La querelle con le Nord o FS dura da anni, e non porta a nulla: sono società pubbliche monopolistiche, lo stipendio arriva comunque, non possono fallire, gli utenti non possono scegliere ecc.. L’unica strada per avere servizi migliori a parità di sussidi pubblici, e vale anche per gli autobus, è introdurre gradatamente meccanismi reali di competizione, per cui gli operatori corrano davvero il rischio di fallire, se non migliorano i risultati. Finora la regione e il comune di Milano non hanno fatto nessuna azione seria in questa direzione, anzi, hanno favorito il monopolio, che è sempre politicamente più gradito (le imprese monopolistiche, anche pubbliche, possono manifestare gratitudine, e gli addetti possono votare, mentre in un contesto competitivo gli utenti e i contribuenti, che sono avvantaggiati, chissà….).

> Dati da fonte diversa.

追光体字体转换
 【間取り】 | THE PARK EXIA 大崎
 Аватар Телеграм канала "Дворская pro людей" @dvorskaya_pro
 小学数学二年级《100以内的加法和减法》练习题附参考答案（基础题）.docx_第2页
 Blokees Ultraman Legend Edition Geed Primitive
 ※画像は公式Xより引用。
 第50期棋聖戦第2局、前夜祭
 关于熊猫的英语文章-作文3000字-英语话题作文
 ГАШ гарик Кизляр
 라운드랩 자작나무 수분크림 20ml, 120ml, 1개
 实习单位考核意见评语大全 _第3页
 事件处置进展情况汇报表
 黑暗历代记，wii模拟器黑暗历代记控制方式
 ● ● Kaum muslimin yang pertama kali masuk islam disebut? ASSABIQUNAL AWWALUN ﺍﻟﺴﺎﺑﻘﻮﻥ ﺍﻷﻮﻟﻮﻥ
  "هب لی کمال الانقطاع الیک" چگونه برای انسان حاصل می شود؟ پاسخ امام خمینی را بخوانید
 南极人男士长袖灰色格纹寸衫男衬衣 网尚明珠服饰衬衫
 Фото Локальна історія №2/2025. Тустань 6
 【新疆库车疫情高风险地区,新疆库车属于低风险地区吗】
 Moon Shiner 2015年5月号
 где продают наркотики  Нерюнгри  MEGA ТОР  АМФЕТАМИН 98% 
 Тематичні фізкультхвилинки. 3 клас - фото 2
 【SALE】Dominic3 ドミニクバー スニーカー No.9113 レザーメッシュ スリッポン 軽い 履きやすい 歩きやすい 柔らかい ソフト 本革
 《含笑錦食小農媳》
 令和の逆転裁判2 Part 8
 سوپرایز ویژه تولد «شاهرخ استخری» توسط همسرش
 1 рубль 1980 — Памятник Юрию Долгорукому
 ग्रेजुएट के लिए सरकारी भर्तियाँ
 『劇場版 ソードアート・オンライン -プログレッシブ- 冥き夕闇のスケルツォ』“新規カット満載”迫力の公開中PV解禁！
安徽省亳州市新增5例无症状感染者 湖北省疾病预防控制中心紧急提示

Infine, quali tariffe, visto che le risorse pubbliche sono scarse, e la decisione è tutta pubblica? Date le premesse, il problema si concentra sui servizi poco usati, che per definizione hanno effetti sociali su pochi utenti, sottraggono poche macchine alla congestione, e incoraggiano la dispersione territoriale (“vado a stare in tanta malora, così pago poco la casa e un trasporto semigratuito mi viene fornito comunque…”). Qui ognuno dovrebbe pagare i costi che genera alla collettività, e gli abbonamenti dovrebbero essere sussidiati a chi davvero dimostra di avere redditi molto bassi.

Ma il livello delle tariffe è una decisione squisitamente politica: si può decidere anche di fornire il trasporto gratuito a tutti, se questa è una priorità rispetto ad altre. Quello che non sembra difendibile è non cercare di ridurre i costi di produzione dei servizi con prudenti ma credibili meccanismi di competizione.